This is a visualization package for laying out complex genomic rearrangements. More specifically focusing on those occuring in amplified regions.
./gracket-text cougar-viz.rkt
- Gene annotations file
- Genomic regions file
- Output file prefix
Please see sample files in "gene_annotations"
The genomic regions file is made up from two lines, the first describing germ line regions (edges) and the second describing somatic linkings found in the tumour.
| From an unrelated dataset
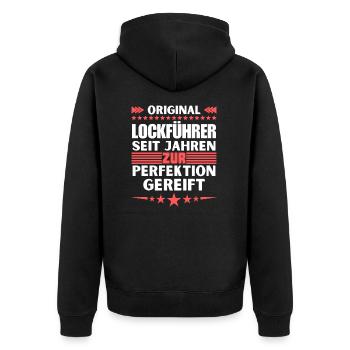 Lure guide matured to perfection - Unisex Premium Organic Zip Hoodie - black - Back - Nico (187cm)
Each edge is described by two coordinates (from , to) and 4 additional values (edge type [0-4], copy-count, germ-line coverage, somatic coverage).
As an example input the following can be used,
[((8 128653052) (8 128666609) 0 15 4336 62294) ((8 128683093) (8 128930932) 0 15 63400 992056) ((8 129034194) (8 129171189) 0 15 40646 661124) ((8 129845335) (8 129907084) 0 15 19436 255340) ((8 129923821) (8 130953544) 0 15 337694 4782172) ((8 130953544) (8 130955944) 0 0 498 1296) ((10 46735974) (10 47109482) 0 0 94272 256012) ((10 47109482) (10 47145556) 0 15 22512 174292) ((10 47145556) (10 47430085) 0 0 19740 52768) ((10 48888502) (10 49223973) 0 0 7844 22616) ((10 49223973) (10 49253846) 0 15 1290 16080) ((10 49253846) (10 49261028) 0 0 180 496) ((22 38349390) (22 38406654) 0 0 12352 40300) ((22 38406654) (22 38442167) 0 15 7864 145856) ((22 38442167) (22 38456549) 0 0 3182 8008) ((22 39540082) (22 39621582) 0 0 17928 64472) ((22 39621582) (22 39698822) 0 15 17830 342626)]
[((8 128666609) (8 129034194) 0 15 2 181) ((10 49253846) (22 39621582) 0 15 2 54) ((8 128930932) (8 129171189) 2 15 2 96) ((22 38442167) (22 39698822) 2 15 2 124) ((8 128683093) (10 47145556) 1 15 2 69) ((8 129845335) (10 49223973) 3 15 2 8) ((10 47109482) (22 38406654) 3 15 2 107) ((8 128653052) (8 130953544) 1 15 2 107)]
The output image produced is an SVG format image depicting the genomic regions and somatic linkings as a graph structure. The width of edges will be proportional to the log of the copy count in the input file. Genes are annotated on genomic intervals and are coloured for positive (green'ish) and negative (purple) strand genes.
Genomic intervals are laid out in order of appearance in the genome (i.e. , chr5:5,000 before chr:7,000 and chr2 before chr3).